For those lands, "sphere of influence" fits just right.
Don
Sphere of Influence is a wonderfully nebulous term. One might say Cayleb's(?) boast that the ICN owns any strip of salt water capable of floating one of its ships defines what is within Charis' sphere of influence. Any body of land that is small enough and distant enough from the mainland to require ocean going ships trade could be said to fall within the influence of the ICN and by extension the EoC.
It could, yes, if the EoC cares to exercise that influence. Keeping ships in an area isn't free, and if it isn't free, it may not be worth it. And there's occupying and keeping the land itself too.
There's a tendency, based on convenience, and all else being equal, for spheres of influence to be spheres, or at least circles on a globe. It's harder and usually worth less to exercise power further away or with some obstacle along the direct path there.

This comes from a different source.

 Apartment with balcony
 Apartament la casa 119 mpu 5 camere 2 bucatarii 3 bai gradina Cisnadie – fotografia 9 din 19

I'm sure there's some Charisian interest in seizing every bit of wet line of communications and the land around it on Safehold, and they're currently better positioned than anyone else to do so, but (sorry, Isilith!) that doesn't mean that the costs of doing so are either affordable or repaid in benefits.
Natural borders - where they're not excuses for simple territorial aggrandizement or revanchism - would lie where you hit natural obstacles to the exercise of full, sovereign power, given current and foreseeable means. Spheres of influence run to wherever you can and care to exercise whatever degree of economic, political, diplomatic, or military power at least comparable to any peer.

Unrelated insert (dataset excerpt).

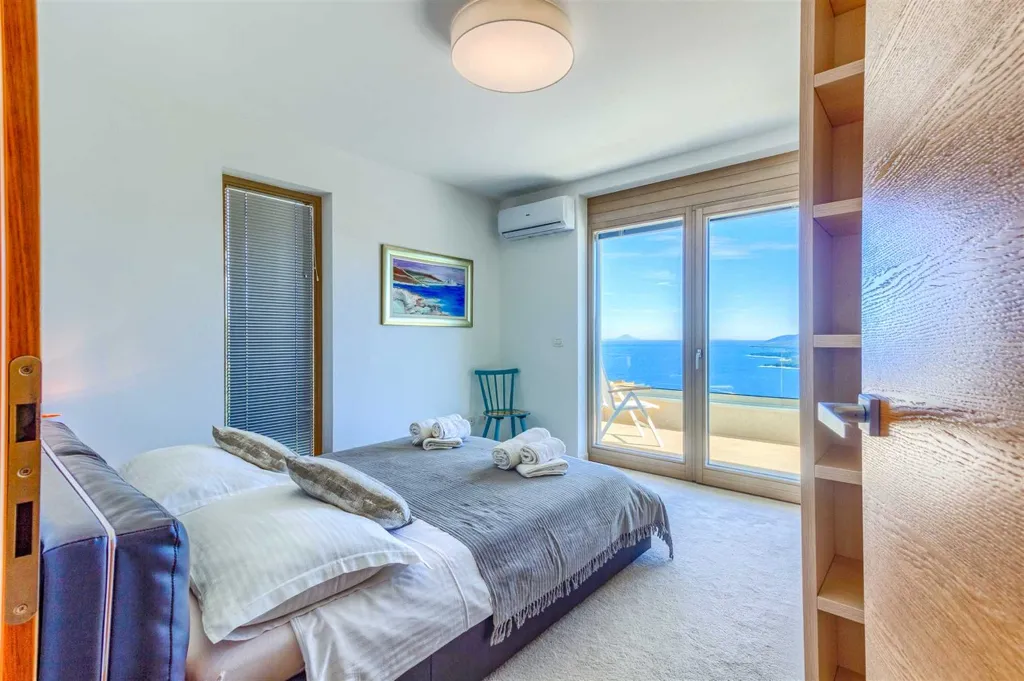 4-Bedroom Villa with Sea Views in Rabac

Charis' natural borders get defined by coasts and distance, given their relative weakness on land and strength at sea, with distance defined by galleons nowadays. It's not entirely natural - they can make so much more claim to Armageddon Reef than, say, the Raven Lands, because the coast doesn't represent much of a barrier when they have no people trying to defend it or inland of it against them. But that's a natural border that they've no security need to fill, some social reasons not to touch, and little economic impetus to develop.
Spheres of influence are defined even more by resistance. One canny way of extending that sphere of influence is by minimizing reason for someone to resist you. Liberating Silkiah may be relatively easy, and exercising influence in it thereafter something you get easily with common interests. Conquering Silkiah will take a lot more effort, initially and thereafter, and would blow Charis' moral capital away.